Banks warned vs sending spam text messages
MANILA, Philippines—Local banks have been reminded to not get caught up in competitive fervor by sending prohibited spam text messages to the public.
The Bangko Sentral ng Pilipinas (BSP) in a memorandum this week reminded banks that sending unsolicited messages to clients had been deemed a crime since 2012.
The reminder for banks was prompted by “complaints from the public on unsolicited text messages,” said the memorandum signed by BSP Deputy Governor Nestor A. Espenilla Jr.
Sending unsolicited messages was criminalized by Congress in the Cybercrime Prevention Act of 2012.
The law defined spam messages as “commercial” electronic transmissions that advertise or sell products to recipients.
Despite becoming a crime only in 2012, rules against sending spam messages have been in place for more than a decade, the BSP pointed out.
The National Telecommunications Commission (NTC) early in 2005 prohibited telephone companies and content providers from launching advertising campaigns that involved unwanted texts to mobile phone users.
Under NTC rules, messages that advertise products should only be sent to mobile phone subscribers who want them.
Regulators said banks would not be able to avoid being held liable for messages that advertise their services.

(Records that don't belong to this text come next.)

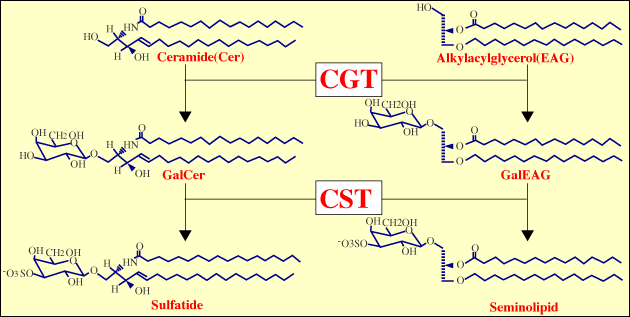 fig2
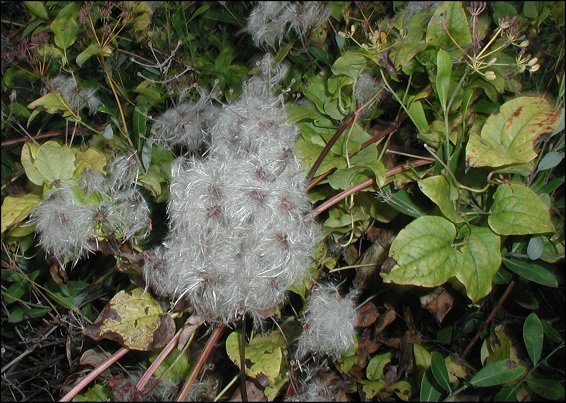 Clematis flammula 16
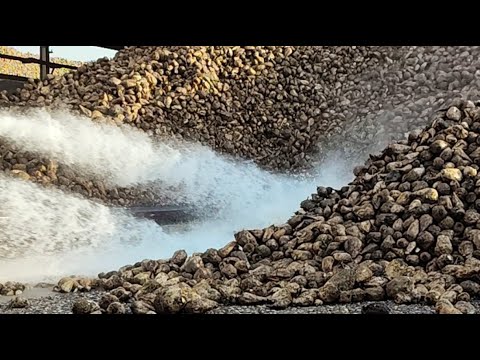 چغندر قند شوش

“The bank shall remain responsible for all violations of the… regulations and law committed by their outsourced agency or personnel,” the BSP memorandum read.

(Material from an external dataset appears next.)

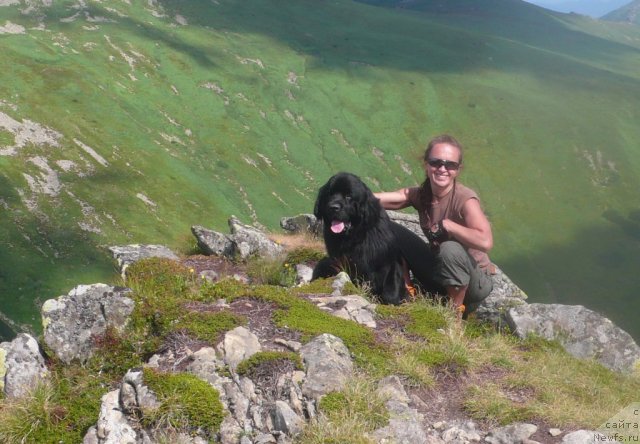 Фото: ньюфаундленд Uyutnaya Dolina Bibigon Breyv Kid (Уютная Долина Бибигон Брейв Кид), Egor Evsin (Егор Евсин)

The rise in complaints over intrusive bank advertisements sent to mobile phones comes amid heightened competition in the local financial industry.

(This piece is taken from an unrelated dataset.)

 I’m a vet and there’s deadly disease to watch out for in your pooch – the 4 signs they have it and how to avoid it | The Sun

Local banks have increasingly shifted their focus to strengthening retail operations, an area where profits are higher, albeit riskier.
This follows a recent decline in gains from treasury operations or investments in securities due to a world-wide drop in interest rates.
In the Philippines, interest rates have also fallen as a result of a drop in the government’s borrowing costs due to the economy’s newfound standing as an investment grade market.